Centerplate Hosts Zero Waste Lunch at WasteExpo

June 26, 2017

In the ever-evolving journey to take the trade show industry in a more sustainable direction, certain stakeholders appear to be getting creative by experimenting with fun and unique ways to cut down on the massive amounts of waste most events typically produce, including food waste.

Case in point: the Ernest N. Morial Convention Center and its exclusive food and beverage provider, Centerplate, which hosted a “Zero Waste Lunch” on May 10 at WasteExpo 2017, held May 8-11 at the New Orleans-based facility.

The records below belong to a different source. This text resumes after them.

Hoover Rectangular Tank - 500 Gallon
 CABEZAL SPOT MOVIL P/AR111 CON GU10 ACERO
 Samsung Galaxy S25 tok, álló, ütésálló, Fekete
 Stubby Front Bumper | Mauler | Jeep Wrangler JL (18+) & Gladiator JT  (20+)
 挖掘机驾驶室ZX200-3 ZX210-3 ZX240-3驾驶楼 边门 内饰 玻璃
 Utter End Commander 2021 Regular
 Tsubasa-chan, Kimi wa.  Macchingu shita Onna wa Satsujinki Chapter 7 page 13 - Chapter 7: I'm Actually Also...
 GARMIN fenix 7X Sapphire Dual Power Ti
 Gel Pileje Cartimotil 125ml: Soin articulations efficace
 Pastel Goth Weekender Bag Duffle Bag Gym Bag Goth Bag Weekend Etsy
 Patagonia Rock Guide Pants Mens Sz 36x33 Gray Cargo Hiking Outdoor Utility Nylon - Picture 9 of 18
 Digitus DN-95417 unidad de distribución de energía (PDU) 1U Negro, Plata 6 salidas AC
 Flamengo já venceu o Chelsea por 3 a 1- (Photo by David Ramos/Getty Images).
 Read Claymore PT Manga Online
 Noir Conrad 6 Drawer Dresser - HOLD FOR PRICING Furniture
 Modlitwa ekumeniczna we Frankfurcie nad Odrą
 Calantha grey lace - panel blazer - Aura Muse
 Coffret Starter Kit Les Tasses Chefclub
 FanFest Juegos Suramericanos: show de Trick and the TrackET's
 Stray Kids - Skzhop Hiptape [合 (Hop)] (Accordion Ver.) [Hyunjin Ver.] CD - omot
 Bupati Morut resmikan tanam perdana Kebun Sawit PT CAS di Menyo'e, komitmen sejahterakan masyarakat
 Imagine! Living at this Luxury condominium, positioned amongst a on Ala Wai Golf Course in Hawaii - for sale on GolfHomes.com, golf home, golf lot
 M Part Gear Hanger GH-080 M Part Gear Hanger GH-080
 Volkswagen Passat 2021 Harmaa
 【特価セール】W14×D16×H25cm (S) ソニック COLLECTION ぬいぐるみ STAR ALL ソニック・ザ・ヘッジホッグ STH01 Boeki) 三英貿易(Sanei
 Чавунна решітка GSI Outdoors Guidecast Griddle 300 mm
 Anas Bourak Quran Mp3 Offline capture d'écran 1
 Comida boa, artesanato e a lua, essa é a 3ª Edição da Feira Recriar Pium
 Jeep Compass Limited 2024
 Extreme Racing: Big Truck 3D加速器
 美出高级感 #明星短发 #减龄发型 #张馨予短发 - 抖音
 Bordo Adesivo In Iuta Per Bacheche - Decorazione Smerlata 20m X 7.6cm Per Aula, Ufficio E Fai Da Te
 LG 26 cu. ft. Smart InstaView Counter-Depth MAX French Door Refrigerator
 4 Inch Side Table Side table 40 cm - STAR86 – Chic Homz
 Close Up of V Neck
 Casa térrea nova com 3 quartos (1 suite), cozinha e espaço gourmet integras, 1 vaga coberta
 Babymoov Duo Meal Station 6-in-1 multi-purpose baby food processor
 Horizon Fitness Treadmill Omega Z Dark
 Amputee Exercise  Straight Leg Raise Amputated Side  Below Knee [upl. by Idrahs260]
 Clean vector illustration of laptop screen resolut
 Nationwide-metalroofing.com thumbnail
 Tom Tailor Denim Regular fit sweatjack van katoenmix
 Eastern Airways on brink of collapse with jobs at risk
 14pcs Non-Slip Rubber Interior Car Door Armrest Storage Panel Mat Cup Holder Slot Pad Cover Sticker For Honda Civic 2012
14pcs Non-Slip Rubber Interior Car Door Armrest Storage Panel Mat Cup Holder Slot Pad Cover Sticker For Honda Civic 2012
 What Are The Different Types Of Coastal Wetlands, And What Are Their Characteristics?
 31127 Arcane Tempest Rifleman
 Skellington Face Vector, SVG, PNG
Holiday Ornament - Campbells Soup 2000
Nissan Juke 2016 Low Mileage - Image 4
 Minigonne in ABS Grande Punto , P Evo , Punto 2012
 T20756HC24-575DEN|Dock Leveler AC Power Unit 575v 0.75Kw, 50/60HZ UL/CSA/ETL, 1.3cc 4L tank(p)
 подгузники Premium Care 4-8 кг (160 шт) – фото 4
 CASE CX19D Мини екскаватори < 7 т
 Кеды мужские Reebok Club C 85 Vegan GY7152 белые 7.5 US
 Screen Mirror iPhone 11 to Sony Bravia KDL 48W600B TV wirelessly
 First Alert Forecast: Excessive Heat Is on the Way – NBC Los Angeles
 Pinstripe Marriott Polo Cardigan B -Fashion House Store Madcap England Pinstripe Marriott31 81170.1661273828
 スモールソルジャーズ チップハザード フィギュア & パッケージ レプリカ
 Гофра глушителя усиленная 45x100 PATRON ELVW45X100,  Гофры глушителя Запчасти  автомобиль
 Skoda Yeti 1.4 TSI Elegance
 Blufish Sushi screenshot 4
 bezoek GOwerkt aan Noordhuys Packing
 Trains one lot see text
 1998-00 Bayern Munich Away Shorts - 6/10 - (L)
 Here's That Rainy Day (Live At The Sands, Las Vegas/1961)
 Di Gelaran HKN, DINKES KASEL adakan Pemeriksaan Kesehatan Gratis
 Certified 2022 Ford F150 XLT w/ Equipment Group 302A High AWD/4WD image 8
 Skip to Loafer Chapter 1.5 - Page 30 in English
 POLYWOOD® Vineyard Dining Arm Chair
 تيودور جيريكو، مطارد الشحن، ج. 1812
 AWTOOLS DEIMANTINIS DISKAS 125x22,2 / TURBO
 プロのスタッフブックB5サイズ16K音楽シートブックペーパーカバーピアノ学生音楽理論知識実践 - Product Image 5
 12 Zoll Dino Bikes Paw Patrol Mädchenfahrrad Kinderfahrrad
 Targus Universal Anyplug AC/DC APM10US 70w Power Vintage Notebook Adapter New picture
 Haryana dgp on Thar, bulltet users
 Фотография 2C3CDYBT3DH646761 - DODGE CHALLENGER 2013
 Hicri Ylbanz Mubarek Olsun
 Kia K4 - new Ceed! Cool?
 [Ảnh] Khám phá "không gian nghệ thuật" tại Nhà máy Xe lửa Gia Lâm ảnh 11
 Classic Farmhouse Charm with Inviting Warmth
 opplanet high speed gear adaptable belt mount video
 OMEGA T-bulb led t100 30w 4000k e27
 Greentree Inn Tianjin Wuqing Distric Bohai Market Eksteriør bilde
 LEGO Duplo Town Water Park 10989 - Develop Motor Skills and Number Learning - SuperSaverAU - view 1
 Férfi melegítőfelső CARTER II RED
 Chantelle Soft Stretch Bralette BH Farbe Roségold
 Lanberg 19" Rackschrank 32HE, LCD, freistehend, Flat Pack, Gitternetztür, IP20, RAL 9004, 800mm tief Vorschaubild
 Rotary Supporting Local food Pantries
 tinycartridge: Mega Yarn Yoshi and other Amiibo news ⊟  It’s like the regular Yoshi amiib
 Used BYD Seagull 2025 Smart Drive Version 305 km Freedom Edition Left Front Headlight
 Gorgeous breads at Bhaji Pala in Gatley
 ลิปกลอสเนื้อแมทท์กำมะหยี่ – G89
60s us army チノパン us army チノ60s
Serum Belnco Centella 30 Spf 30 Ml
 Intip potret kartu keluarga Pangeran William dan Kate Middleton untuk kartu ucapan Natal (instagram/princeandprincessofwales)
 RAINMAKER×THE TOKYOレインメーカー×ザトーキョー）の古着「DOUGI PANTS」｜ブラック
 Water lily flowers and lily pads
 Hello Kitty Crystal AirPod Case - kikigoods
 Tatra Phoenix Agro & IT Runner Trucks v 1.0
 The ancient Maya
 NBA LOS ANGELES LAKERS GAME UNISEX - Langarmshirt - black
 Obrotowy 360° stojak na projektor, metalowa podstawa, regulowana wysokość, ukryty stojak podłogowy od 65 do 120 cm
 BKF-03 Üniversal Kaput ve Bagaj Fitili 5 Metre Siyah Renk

Created in partnership with the convention center, Centerplate, GES, Salvage Supperclub, The Green Project and The Composting Network, the uber-sustainable meal was served to 15 waste industry attendees inside a rented dumpster equipped with salvaged wood seats and flooring, and rescued doors that served as a table, all of which came from local companies.

Created by Executive Chef Brandon Felder and his team at the convention center, the delectable, NOLA-style menu was composed entirely of food waste that would otherwise have been discarded.

 “The (purpose of the) lunch was to display how you can make fine dining/fancy food out of food scraps and undesirable products – in essence, transform the so-called waste into a great meal,” Felder explained.

He continued, “We basically used scraps and leftovers from other services from the show and saved onion skins, tops to bell peppers, shrimp shells, grits from breakfast, small pieces of cauliflower, pecans that were too small and started coming up with a fun, flavorful NOLA menu.”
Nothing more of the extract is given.